Eric Verhaeghe : Le Code du Travail s'est, avec le temps, perdu en une multitude de détails techniques insignifiants, totalement incompréhensibles et indigestes pour un chef d'entreprise normalement constitué. Il est regrettable que cette rédaction soit largement le fait d'une concertation régulière avec certains mouvements patronaux qui ont trouvé très utile de protéger les entreprises établies dans leur secteur contre la concurrence des nouveaux entrants. L'épaisseur des textes a constitué un sérieux éteignoir pour la concurrence. IL faut aujourd'hui avoir le courage politique d'ouvrir les portes et les fenêtres pour donner de belles doses d'oxygènes aux nouveaux entrants.

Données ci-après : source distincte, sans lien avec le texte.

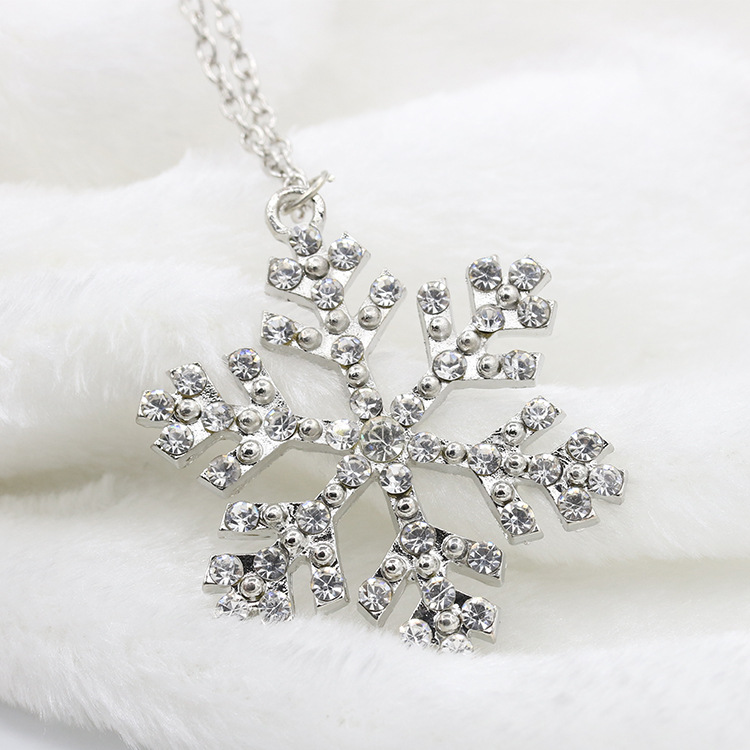 Diamond Crystal Snowflake Pendant Necklace Sweater Chain Christmas Gift Snowflake Necklace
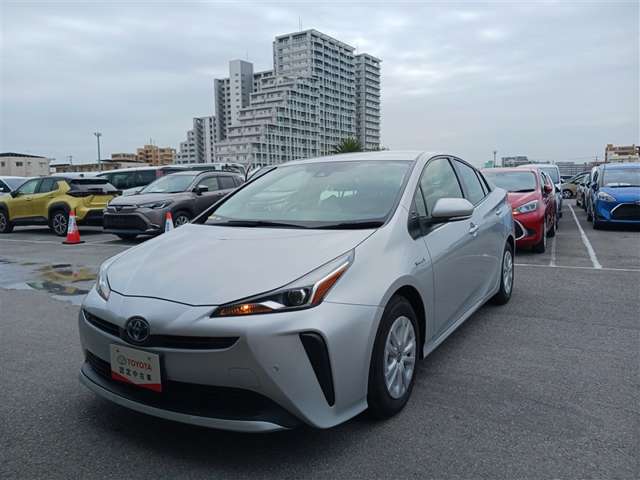 トヨタ プリウス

François Taquet : Depuis des décennies, nous vivons avec l’idée que plus un Code du travail est fourni, plus il est rassurant et plus il protège le salarié. Ce qui est une absurdité lorsque l’on regarde le code du travail suisse ou allemand. On sait en outre que le sujet est très sensible à gauche. Quant à la droite, elle ne doit pas oublier non plus que c’est sous le gouvernement Fillon qu’a été promulgué le code du travail de 2008 dont elle se plait aujourd’hui à dénoncer l’obésité. En un mot, il faudrait de la part des hommes politiques une véritable volonté de réformer cette situation. Existe-t-elle ?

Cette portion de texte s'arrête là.